The bill that created the Roth IRA marked the apex of Sen. Roth's 34 years in the U.S. Congress. But it was a Democrat who suggested the retirement product should carry Roth's name, says his widow, Senior Judge Jane Roth of the 3rd U.S. Circuit Court of Appeals.
"As the legislation was about to go into effect, [former U.S. senator] Pat Moynihan said, 'This was Bill Roth's idea; we ought to call it the "Roth IRA,'" Judge Roth says.
"I think having a Congress that could have members of different parties work together for the good of the country is something that we're lacking right now, and I think the Roth IRA is an example of what can be accomplished when members of Congress work together," she says.

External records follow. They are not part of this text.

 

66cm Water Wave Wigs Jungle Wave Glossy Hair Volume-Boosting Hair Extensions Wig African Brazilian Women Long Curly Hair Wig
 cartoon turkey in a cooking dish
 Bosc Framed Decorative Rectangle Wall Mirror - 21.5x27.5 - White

When the senator was told about the plan to name the product after him, he smiled and said, "Oh, well, that would be OK," says Verna Hensley, who worked for Roth for more than 20 years as a press secretary and later head of his Delaware office. "He was a soft-spoken, mild-mannered guy who was this legislative giant in terms of programs that had an impact on people's lives," recalls Hensley, who is now vice president of public affairs at Easter Seals Delaware and Maryland's Eastern Shore.
A champion of tax cuts
Roth, a corporate attorney, was first elected to the House of Representatives in 1966 and to the U.S. Senate in 1970. He built his career as a champion for tax cuts and a sleuth for government waste, such as "high-profile inquiries into both alleged taxpayer abuses by the Internal Revenue Service and Pentagon overspending that uncovered the infamous $9,600 wrench and $640 toilet seat," the Los Angeles Times noted in his 2003 obituary.

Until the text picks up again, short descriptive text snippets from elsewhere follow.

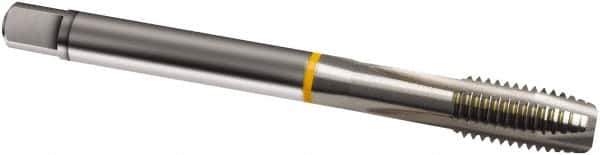 Guhring - M1.6x0.35 Metric, 2 Flute, Bright Finish, Cobalt Spiral Point Tap - Plug Chamfer, Right Hand Thread, 40mm OAL, 6H Class of Fit, Series 815 - Exact Industrial Supply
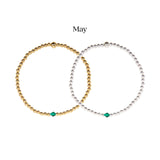 Birthstone Bracelet (Single Month)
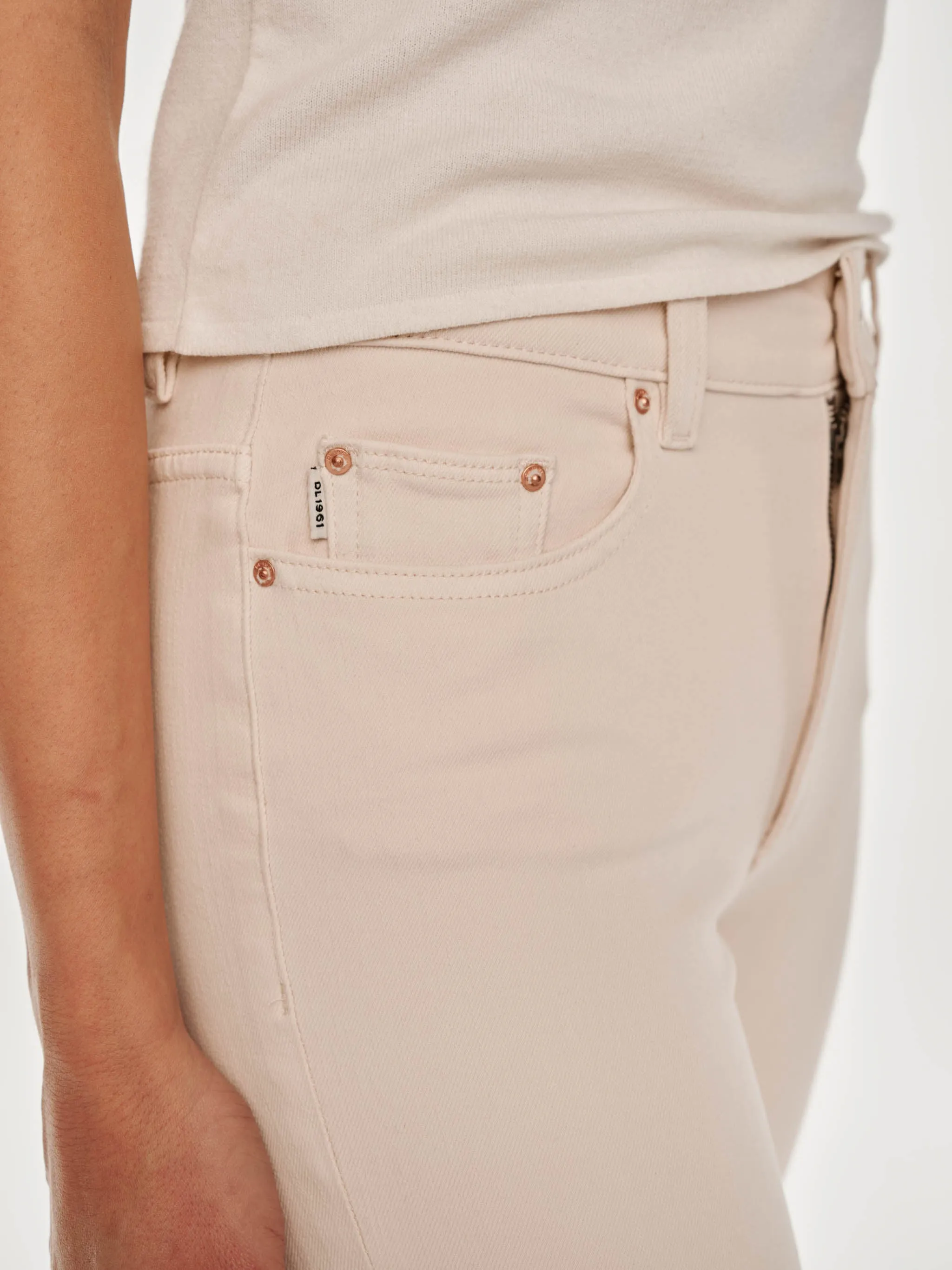 Bridget Boot High Rise Instasculpt™ 33" Jeans | Flax sold by DL1961 product image thumbnail 4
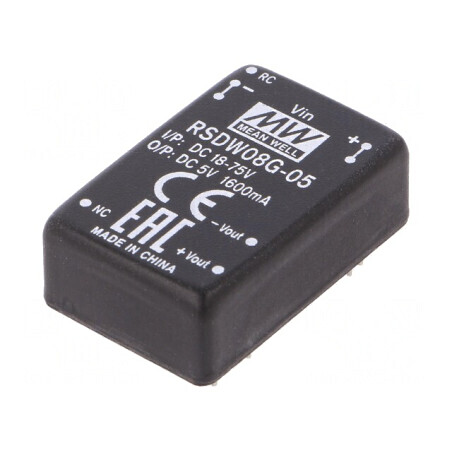 Convertor DC/DC 8W 18-75V la 5V 1600mA THT | Electronic-mag.ro | Componente Electronice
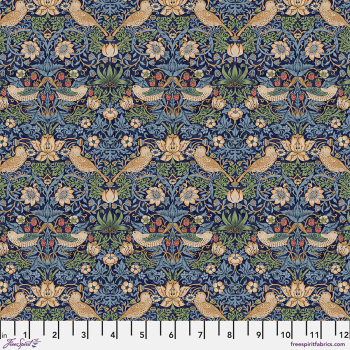 William Morris - Mini Strawberry Thief Navy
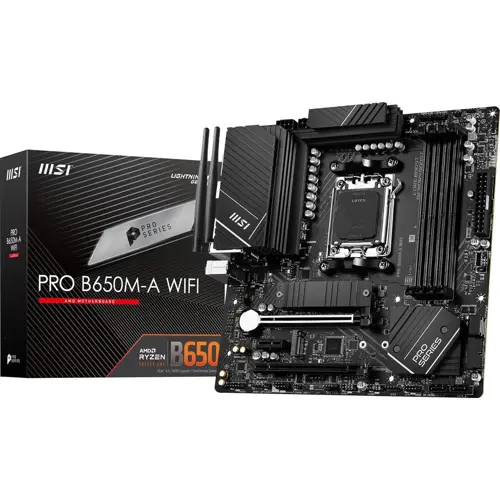 MSI PRO B650M-A WIFI Micro-ATX Motherboard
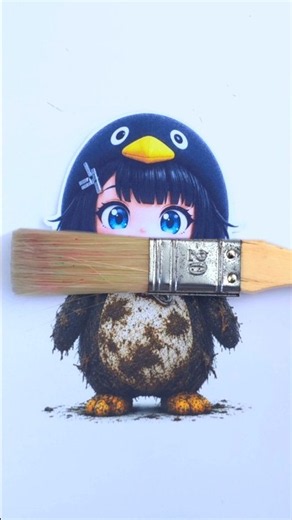 Cleaning Gugu Gaga Penguin 🐧 From Dirty to Cute! 😍 #gugugaga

"What people forget is before Bill came around the top tax rate was 70%, for people making Frank Sinatra kind of money," says Kirtley, who was Roth's first chief of staff. The Economic Recovery Tax Act of 1981 -- also known as the Kemp-Roth Tax Cut -- dropped the top tax bracket to 50% (the rate now hovers around 39%).
"Roth believed if you reduced the tax rate that savings would improve," Kirtley says. The Roth IRA was created over Roth's concern about working- and middle-class fortunes as the era of lifetime employment and company pensions fell away, he says.
"Bill grew up in Helena, Montana, and his parents weren't wealthy; he went to the University of Oregon and Harvard on a ROTC scholarship, and later finished his degree [after World War II] on the GI Bill," Judge Roth says. "He realized how important and difficult it was for people to save money ... one of his aims was to find incentives and methods to help people save."
An ongoing legacy
Vice President Joe Biden, who represented Delaware in the U.S. Senate with Roth earlier in his career, spoke highly of his former colleague at a 2003 memorial service for the senator, noting Roth's commitments to the environment and to civil liberties.
"Bill Roth was so much more -- so much more -- than cutting taxes," Biden said at the time, adding that Roth "understood that the federal government was both dangerous and a necessity ... and he never had any trouble distinguishing between the two. He was not driven by an ideology that blinded him to the needs of the people of his state and of the nation."
Roth's work was not without its critics. As the LA Times obituary notes, tax cuts he championed were blamed for "spiraling national deficits under President Reagan." But the legacy of the Roth IRA can be measured by its popularity -- 28.5% of retirement savers have a Roth IRA, according to a 2015 Employment Benefit Research Institute study.
"When I hear 'Roth IRA,' I think of my grandson, who was born about the time the Roth IRA became law," says Judge Roth. "I told my son, he should have called him 'Ira' ... but he went with Charlie, which is probably for the best. But every time I see him, I think of the Roth IRA."